Assessment is clearly one area where AI has, and will continue to make inroads. If teachers no longer have to set, and mark, homework, assignments and exams, a huge portion of the teaching task will have been automated.
8. Set high expectations which inspire, motivate and challenge pupils
This is tricky, as it is difficult to measure. No one would argue that technology is not motivating, even compelling, especially for the young. Whether it is motivating and compelling for learning is another question. With the emergence of the Smartphone, gamification, AR, VR and frictionless speech recognition, we already see signs of technology that is both powerful in terms of learning and compelling. Gamification certainly tackles the motivational issue. AR offers layered experiences.

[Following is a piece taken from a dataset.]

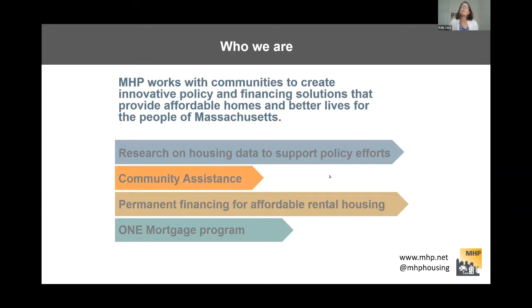We work with communities to create innovative policy and financing solutions that provide affordable homes and better lives for the people of Massachusetts. We do this through research through our Center for Housing Data, the Community Assistance Team. We provide permanent financing for affordable rental housing, and we have a first-time homebuyer program, the One Mortgage Program.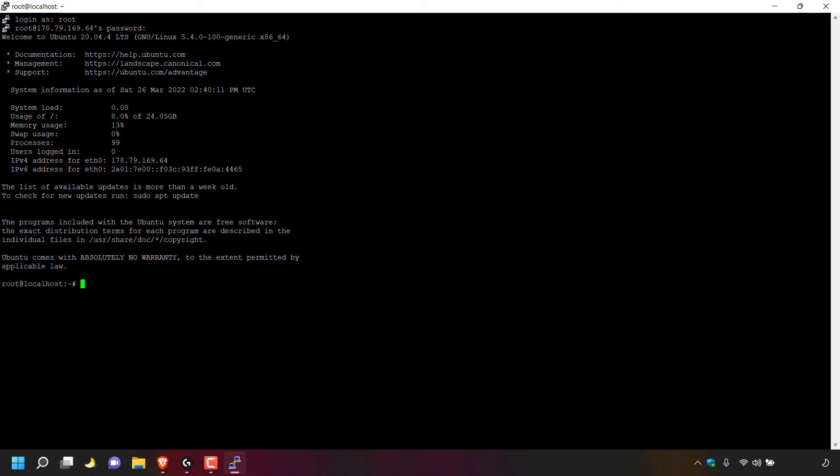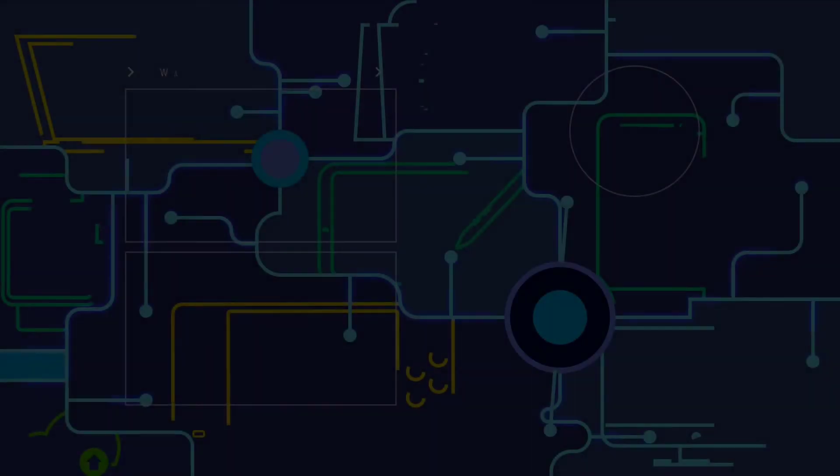That pretty much concludes the video on how to reset your Linode server's root password. If you enjoyed this video, be sure to give it a like, comment down below, and most importantly, subscribe to support the channel. I'll see you in the next video.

VR offers inspiring, complete immersion and attention, emotional pull, learning by doing, contextualised learning and high retention (witness flight sims for pilots). It promises to democratise something teachers in classrooms cannot offer - experiences. AI brings all sorts of additional dimensions to learning. Many aspects of good ‘learning theory’ are now being embedded in AI and used for teaching. I argue elsewhere, that we in the learning game, have a lot to learn from AI, as it starts to distinguish what is good from bad in learning theory.
9. Manage behaviour effectively
We could envisage a future where adult supervision of learning does not need highly qualified, subject-trained teachers but facilitators. We can even imagine the transformation of schools, into places where one learns, not places where teachers teach. This is a radical shift but as teaching becomes automated so schools become places of learning, not teaching. In practice this pendulum swing has started. There are plenty of online learning courses and degrees out there and learners are starting to do it for themselves. This can only continue. One argument is that it will accelerate, now that AI is in the field, as it has in other areas of human endeavour.
10. High standards of personal and professional conduct
One can hardly ask this of AI but perhaps it becomes less of a problem. However, the modelling that teachers provide is certainly important to young people. Teachers provide values and models of conduct that one hopes are emulated. Again however, we may see the development of attitudinal learning, that was never adequately delivered in classrooms, with simulations and the ability to put yourself in the shoes of others. AI is already feeding the VR industry with intelligent avatars, which are commonly used in games but increasingly in attitudinal learning. You become the bullied person, the subject of racism, sexism or bigotry.
Conclusion

Few saw self-driving, autonomous cars coming. That happened because of AI. Few may also see self-driving, autonomous learners. That may also come through AI. Machine learning not only embodies learning, it learns about learners while they learn. It is like a fast learning teacher. There is every reason to suppose that teaching may, to some degree, even a large degree, be automated by AI. If this is possible, it will be a momentous breakthrough, as education at all levels, whether schools, colleges, universities or workplaces, will experience massive reductions in costs. The developing world, where teaching is a problem in terms of quality and supply, is also likely to receive a huge boost. At some point we may look back at teachers and classrooms as we look back on manual manufacturing in factories. I’m not suggesting that teachers are in any way not valuable or smart, just that AI technology may, as in many other areas, get more valuable and smarter.

1 comment:

Unknown said...

Very insightful. Would like to know more about essay marking software. Is it currently available or still some way off?